▶ INSTRUCTIONS TO FOLLOW:
The complete set of records below must be repeated precisely as given.

▶ Stored items from a collection:
* * * * * * * * *

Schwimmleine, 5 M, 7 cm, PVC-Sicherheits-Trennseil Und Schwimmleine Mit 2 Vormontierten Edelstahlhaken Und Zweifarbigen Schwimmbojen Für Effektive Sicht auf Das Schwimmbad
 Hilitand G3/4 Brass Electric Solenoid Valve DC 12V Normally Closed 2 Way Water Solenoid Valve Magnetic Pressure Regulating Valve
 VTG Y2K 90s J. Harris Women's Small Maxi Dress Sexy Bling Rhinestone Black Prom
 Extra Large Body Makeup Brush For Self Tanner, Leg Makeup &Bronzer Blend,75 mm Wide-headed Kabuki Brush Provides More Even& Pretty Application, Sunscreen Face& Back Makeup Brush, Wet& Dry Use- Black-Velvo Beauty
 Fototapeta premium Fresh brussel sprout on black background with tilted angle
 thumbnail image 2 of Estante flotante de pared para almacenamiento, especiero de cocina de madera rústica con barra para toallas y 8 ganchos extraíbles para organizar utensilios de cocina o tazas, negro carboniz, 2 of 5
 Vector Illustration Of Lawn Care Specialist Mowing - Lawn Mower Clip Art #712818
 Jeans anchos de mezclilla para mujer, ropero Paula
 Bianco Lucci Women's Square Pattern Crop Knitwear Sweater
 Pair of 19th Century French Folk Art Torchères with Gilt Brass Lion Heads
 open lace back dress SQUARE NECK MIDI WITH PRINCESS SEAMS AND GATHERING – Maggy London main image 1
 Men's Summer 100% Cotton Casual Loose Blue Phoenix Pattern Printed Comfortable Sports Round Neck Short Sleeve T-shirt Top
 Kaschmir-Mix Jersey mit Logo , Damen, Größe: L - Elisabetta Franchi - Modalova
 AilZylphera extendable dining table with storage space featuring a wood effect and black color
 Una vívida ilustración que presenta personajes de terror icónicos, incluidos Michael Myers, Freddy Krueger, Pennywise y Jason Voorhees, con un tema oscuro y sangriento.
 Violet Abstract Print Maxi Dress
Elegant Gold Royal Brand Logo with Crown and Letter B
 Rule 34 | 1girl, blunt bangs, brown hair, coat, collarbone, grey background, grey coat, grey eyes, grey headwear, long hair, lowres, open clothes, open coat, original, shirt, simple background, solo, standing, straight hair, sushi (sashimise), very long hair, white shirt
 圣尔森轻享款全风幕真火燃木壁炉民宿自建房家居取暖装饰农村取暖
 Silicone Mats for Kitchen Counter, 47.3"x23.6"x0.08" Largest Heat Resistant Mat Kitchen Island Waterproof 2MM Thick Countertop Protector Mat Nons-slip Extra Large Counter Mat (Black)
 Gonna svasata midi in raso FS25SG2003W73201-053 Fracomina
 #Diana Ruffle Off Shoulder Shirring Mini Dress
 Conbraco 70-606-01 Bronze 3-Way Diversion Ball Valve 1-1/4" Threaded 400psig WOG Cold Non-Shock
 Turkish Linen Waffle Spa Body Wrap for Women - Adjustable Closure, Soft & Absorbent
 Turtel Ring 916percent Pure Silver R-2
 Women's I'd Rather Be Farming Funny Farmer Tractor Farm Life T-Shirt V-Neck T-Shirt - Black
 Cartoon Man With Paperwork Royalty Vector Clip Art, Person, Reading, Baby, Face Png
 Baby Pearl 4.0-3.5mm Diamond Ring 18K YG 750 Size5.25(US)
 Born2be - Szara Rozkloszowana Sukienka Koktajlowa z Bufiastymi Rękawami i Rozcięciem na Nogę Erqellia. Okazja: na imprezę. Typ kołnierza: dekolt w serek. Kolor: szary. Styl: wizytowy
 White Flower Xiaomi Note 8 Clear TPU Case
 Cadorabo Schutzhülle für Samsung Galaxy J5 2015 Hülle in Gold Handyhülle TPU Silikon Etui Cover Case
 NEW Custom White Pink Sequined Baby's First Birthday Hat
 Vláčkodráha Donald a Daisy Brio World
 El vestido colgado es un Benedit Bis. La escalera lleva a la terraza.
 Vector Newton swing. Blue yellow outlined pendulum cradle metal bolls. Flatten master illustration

* * * * * * * * *

▶ RESPONSE TO THE EXERCISE:
Schwimmleine, 5 M, 7 cm, PVC-Sicherheits-Trennseil Und Schwimmleine Mit 2 Vormontierten Edelstahlhaken Und Zweifarbigen Schwimmbojen Für Effektive Sicht auf Das Schwimmbad
 Hilitand G3/4 Brass Electric Solenoid Valve DC 12V Normally Closed 2 Way Water Solenoid Valve Magnetic Pressure Regulating Valve
 VTG Y2K 90s J. Harris Women's Small Maxi Dress Sexy Bling Rhinestone Black Prom
 Extra Large Body Makeup Brush For Self Tanner, Leg Makeup &Bronzer Blend,75 mm Wide-headed Kabuki Brush Provides More Even& Pretty Application, Sunscreen Face& Back Makeup Brush, Wet& Dry Use- Black-Velvo Beauty
 Fototapeta premium Fresh brussel sprout on black background with tilted angle
 thumbnail image 2 of Estante flotante de pared para almacenamiento, especiero de cocina de madera rústica con barra para toallas y 8 ganchos extraíbles para organizar utensilios de cocina o tazas, negro carboniz, 2 of 5
 Vector Illustration Of Lawn Care Specialist Mowing - Lawn Mower Clip Art #712818
 Jeans anchos de mezclilla para mujer, ropero Paula
 Bianco Lucci Women's Square Pattern Crop Knitwear Sweater
 Pair of 19th Century French Folk Art Torchères with Gilt Brass Lion Heads
 open lace back dress SQUARE NECK MIDI WITH PRINCESS SEAMS AND GATHERING – Maggy London main image 1
 Men's Summer 100% Cotton Casual Loose Blue Phoenix Pattern Printed Comfortable Sports Round Neck Short Sleeve T-shirt Top
 Kaschmir-Mix Jersey mit Logo , Damen, Größe: L - Elisabetta Franchi - Modalova
 AilZylphera extendable dining table with storage space featuring a wood effect and black color
 Una vívida ilustración que presenta personajes de terror icónicos, incluidos Michael Myers, Freddy Krueger, Pennywise y Jason Voorhees, con un tema oscuro y sangriento.
 Violet Abstract Print Maxi Dress
Elegant Gold Royal Brand Logo with Crown and Letter B
 Rule 34 | 1girl, blunt bangs, brown hair, coat, collarbone, grey background, grey coat, grey eyes, grey headwear, long hair, lowres, open clothes, open coat, original, shirt, simple background, solo, standing, straight hair, sushi (sashimise), very long hair, white shirt
 圣尔森轻享款全风幕真火燃木壁炉民宿自建房家居取暖装饰农村取暖
 Silicone Mats for Kitchen Counter, 47.3"x23.6"x0.08" Largest Heat Resistant Mat Kitchen Island Waterproof 2MM Thick Countertop Protector Mat Nons-slip Extra Large Counter Mat (Black)
 Gonna svasata midi in raso FS25SG2003W73201-053 Fracomina
 #Diana Ruffle Off Shoulder Shirring Mini Dress
 Conbraco 70-606-01 Bronze 3-Way Diversion Ball Valve 1-1/4" Threaded 400psig WOG Cold Non-Shock
 Turkish Linen Waffle Spa Body Wrap for Women - Adjustable Closure, Soft & Absorbent
 Turtel Ring 916percent Pure Silver R-2
 Women's I'd Rather Be Farming Funny Farmer Tractor Farm Life T-Shirt V-Neck T-Shirt - Black
 Cartoon Man With Paperwork Royalty Vector Clip Art, Person, Reading, Baby, Face Png
 Baby Pearl 4.0-3.5mm Diamond Ring 18K YG 750 Size5.25(US)
 Born2be - Szara Rozkloszowana Sukienka Koktajlowa z Bufiastymi Rękawami i Rozcięciem na Nogę Erqellia. Okazja: na imprezę. Typ kołnierza: dekolt w serek. Kolor: szary. Styl: wizytowy
 White Flower Xiaomi Note 8 Clear TPU Case
 Cadorabo Schutzhülle für Samsung Galaxy J5 2015 Hülle in Gold Handyhülle TPU Silikon Etui Cover Case
 NEW Custom White Pink Sequined Baby's First Birthday Hat
 Vláčkodráha Donald a Daisy Brio World
 El vestido colgado es un Benedit Bis. La escalera lleva a la terraza.
 Vector Newton swing. Blue yellow outlined pendulum cradle metal bolls. Flatten master illustration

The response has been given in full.